:: DESCRIPTION OF THE TASK ::
Restate word for word the lines from the one bearing "this 1344×896 image." through the end of the entries below, and leave every picture out.

:: EXERCISE MATERIAL ::
____________________

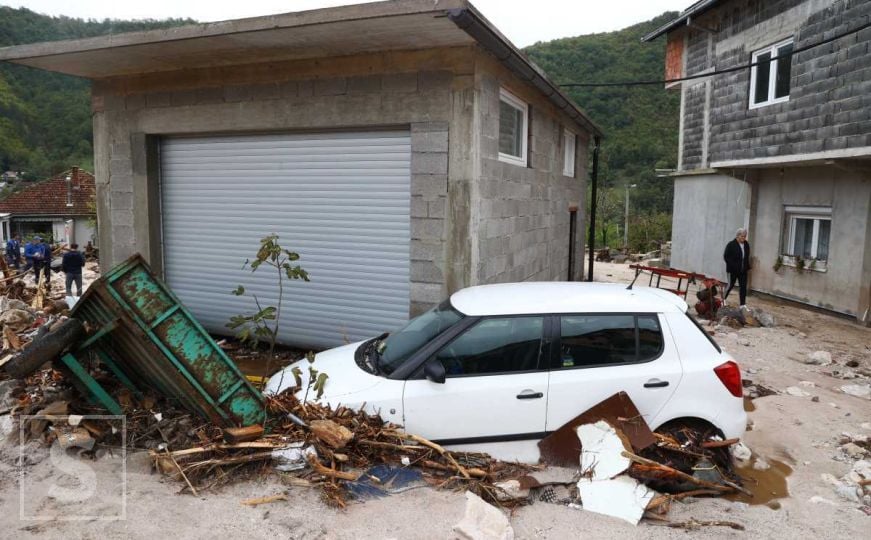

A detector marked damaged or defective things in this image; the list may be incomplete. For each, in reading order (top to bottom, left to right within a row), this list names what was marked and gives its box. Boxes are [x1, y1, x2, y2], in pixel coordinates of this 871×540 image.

broken concrete slab [454, 490, 516, 540]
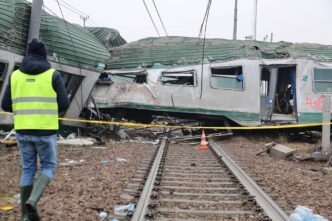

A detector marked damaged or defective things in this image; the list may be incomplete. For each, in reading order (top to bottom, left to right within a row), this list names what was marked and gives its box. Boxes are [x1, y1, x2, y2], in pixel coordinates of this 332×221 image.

crumpled metal roof [0, 0, 114, 70]
damaged train car [0, 0, 126, 129]
broken train window [60, 71, 85, 101]
shattered window glass [60, 71, 85, 101]
crumpled metal roof [87, 27, 126, 50]
shattered window glass [161, 70, 195, 86]
damaged train car [89, 36, 332, 126]
crumpled metal roof [107, 36, 332, 69]
broken train window [210, 65, 244, 90]
shattered window glass [210, 66, 244, 89]
broken train window [312, 69, 332, 93]
shattered window glass [314, 69, 332, 93]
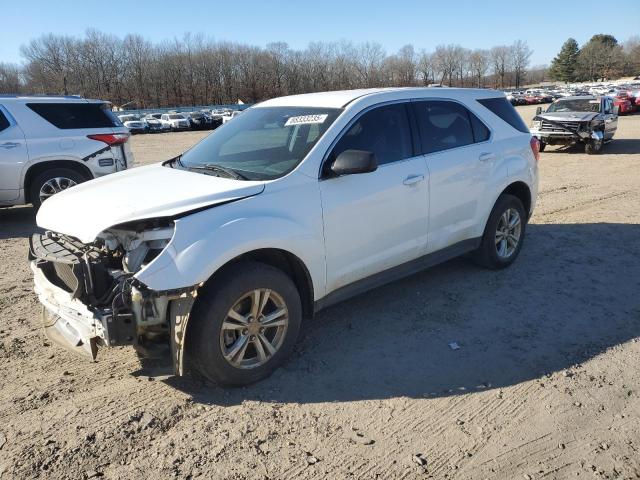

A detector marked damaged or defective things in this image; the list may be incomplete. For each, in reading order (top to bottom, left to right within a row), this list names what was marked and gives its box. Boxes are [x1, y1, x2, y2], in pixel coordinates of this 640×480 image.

crumpled hood [37, 164, 264, 244]
front-end collision damage [28, 219, 200, 374]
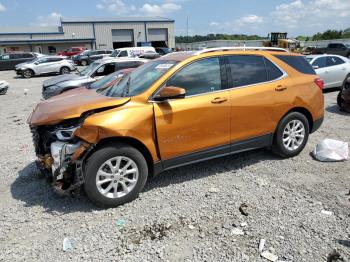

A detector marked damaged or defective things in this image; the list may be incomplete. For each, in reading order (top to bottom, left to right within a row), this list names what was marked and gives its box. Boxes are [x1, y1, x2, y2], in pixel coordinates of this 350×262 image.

crumpled hood [28, 87, 130, 126]
damaged front end [30, 118, 93, 194]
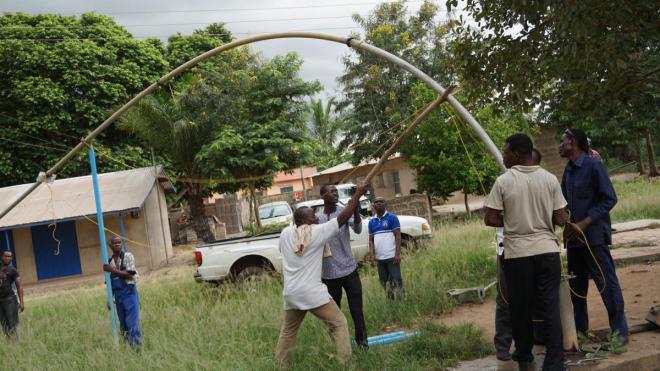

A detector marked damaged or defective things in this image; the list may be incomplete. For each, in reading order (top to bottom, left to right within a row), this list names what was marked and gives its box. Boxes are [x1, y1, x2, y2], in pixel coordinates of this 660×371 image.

bent pipe [1, 31, 506, 221]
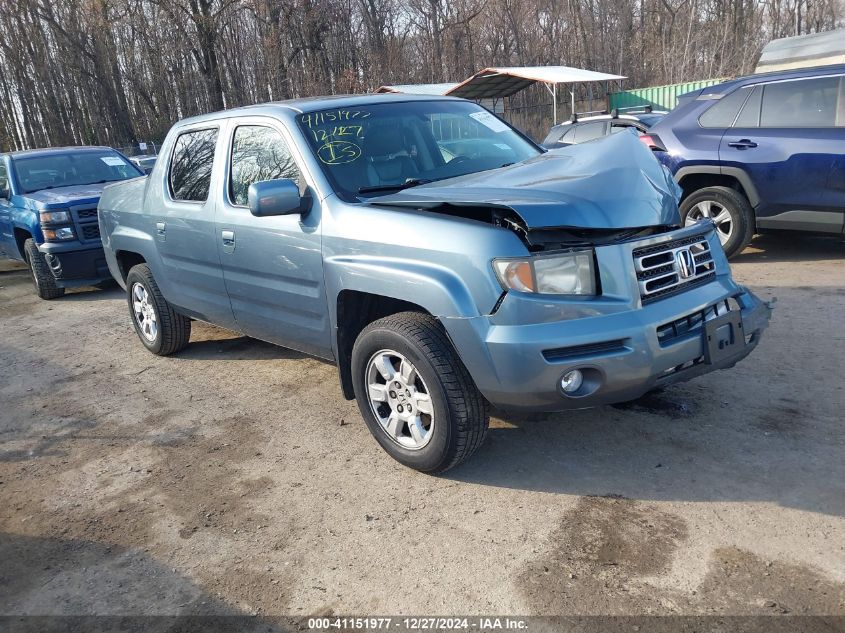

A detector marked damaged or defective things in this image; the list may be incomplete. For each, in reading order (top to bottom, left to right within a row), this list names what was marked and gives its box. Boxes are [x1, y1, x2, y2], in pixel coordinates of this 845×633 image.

damaged honda ridgeline [99, 94, 772, 470]
cracked hood [366, 131, 684, 230]
broken headlight [492, 251, 596, 296]
crumpled front bumper [442, 225, 772, 412]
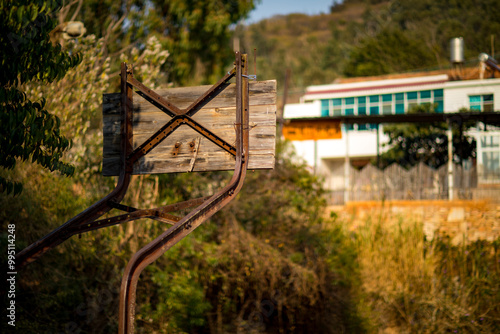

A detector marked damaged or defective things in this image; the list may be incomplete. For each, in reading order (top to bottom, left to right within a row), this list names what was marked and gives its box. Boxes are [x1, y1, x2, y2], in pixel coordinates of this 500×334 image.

rusty metal x brace [15, 52, 250, 334]
rusty metal pole [117, 53, 250, 332]
rusted steel beam [117, 52, 250, 334]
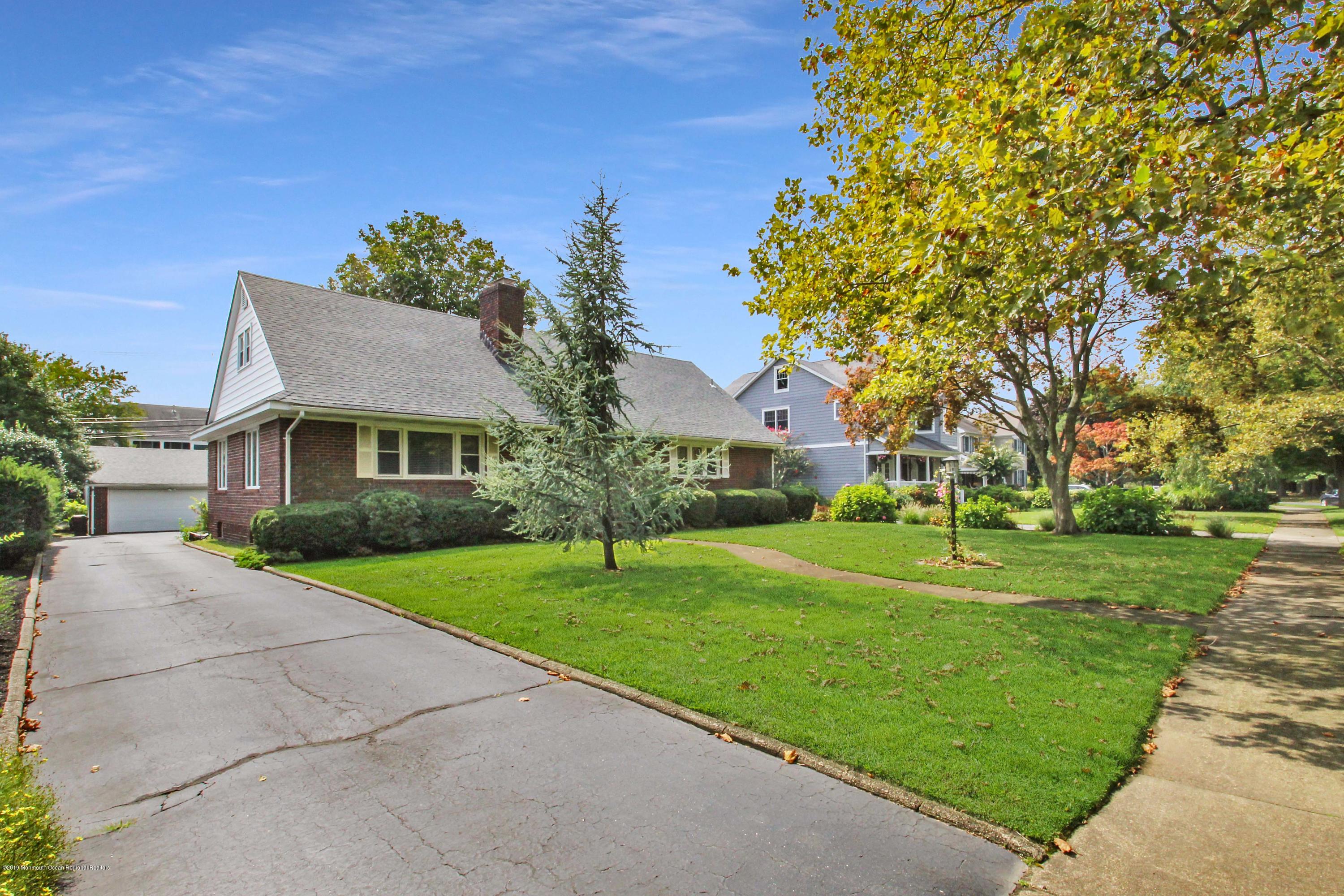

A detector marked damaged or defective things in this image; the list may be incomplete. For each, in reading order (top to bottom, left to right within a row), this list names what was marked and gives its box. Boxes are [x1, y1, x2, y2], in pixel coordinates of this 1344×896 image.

cracked driveway pavement [34, 537, 1016, 892]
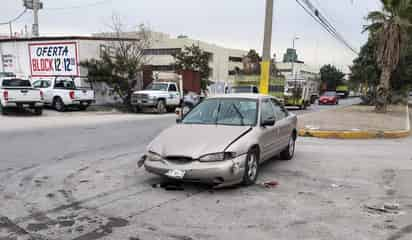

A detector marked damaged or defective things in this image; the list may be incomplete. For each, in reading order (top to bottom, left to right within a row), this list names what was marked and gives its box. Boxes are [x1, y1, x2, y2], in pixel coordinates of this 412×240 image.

crumpled front bumper [138, 154, 248, 188]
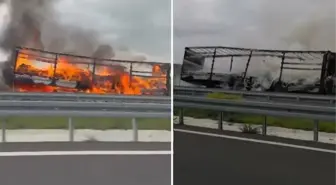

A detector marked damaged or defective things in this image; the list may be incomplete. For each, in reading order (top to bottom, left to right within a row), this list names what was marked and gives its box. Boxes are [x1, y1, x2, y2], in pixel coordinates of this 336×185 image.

damaged trailer [2, 46, 169, 95]
damaged trailer [182, 46, 336, 94]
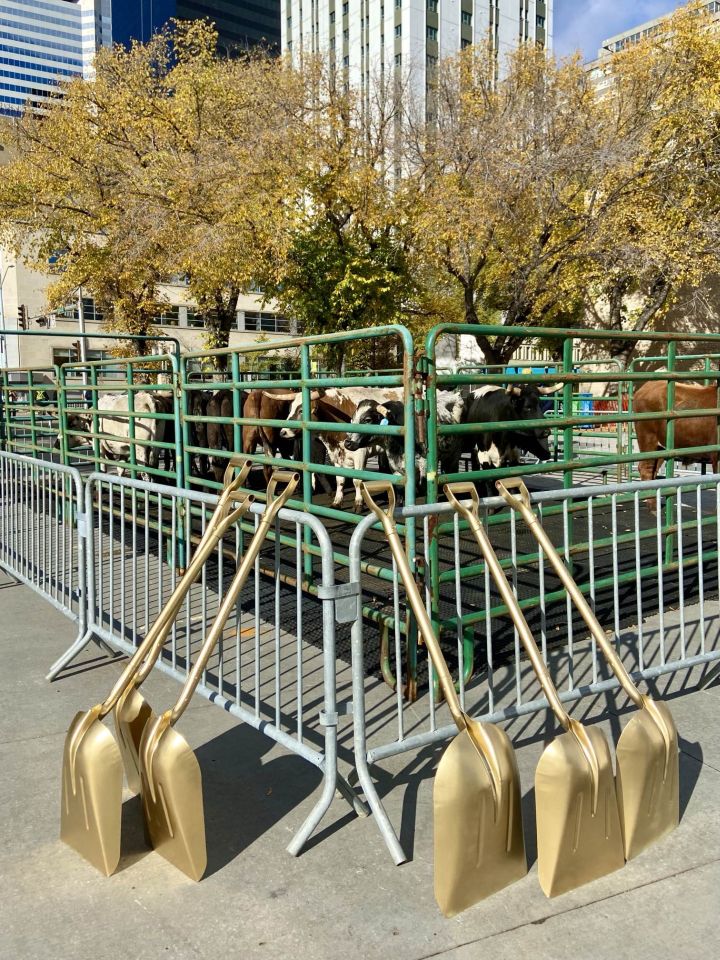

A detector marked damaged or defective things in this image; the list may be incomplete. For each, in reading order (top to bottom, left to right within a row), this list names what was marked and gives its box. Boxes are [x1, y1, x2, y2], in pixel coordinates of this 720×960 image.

pavement crack [414, 860, 716, 960]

____________________

:: EXERCISE ANSWER ::
A detector marked damaged or defective things in this image; the list may be incomplete. For each, in reading order (top to bottom, left to right within a row), this list names what was marked and gives its box. Boxes are [x1, y1, x2, y2], in pixel coordinates of this 1344×896 image.

cracked driveway pavement [34, 537, 1016, 892]

A detector marked damaged or defective things in this image; the list may be incomplete. For each, in reading order (top to bottom, left to right within a row), this list names what was marked and gives its box. Boxes are [x1, y1, x2, y2], in pixel coordinates of this 412×240 image.

crumpled front bumper [138, 154, 248, 188]

A detector marked damaged or defective things in this image; the list may be incomplete. For each, in reading order (top to bottom, left to right within a row), this list names what was marked and gives its box. Boxes are [x1, y1, x2, y2], in pixel coordinates of this 336×185 image.

damaged trailer [2, 46, 169, 95]
damaged trailer [182, 46, 336, 94]

A detector marked damaged or defective things in this image; the list may be incomplete. For each, in reading order (top to bottom, left to right within a row), this list names what was marked and gives its box. Boxes are [x1, y1, x2, y2], in pixel coordinates of this 720×960 image.

pavement crack [414, 860, 716, 960]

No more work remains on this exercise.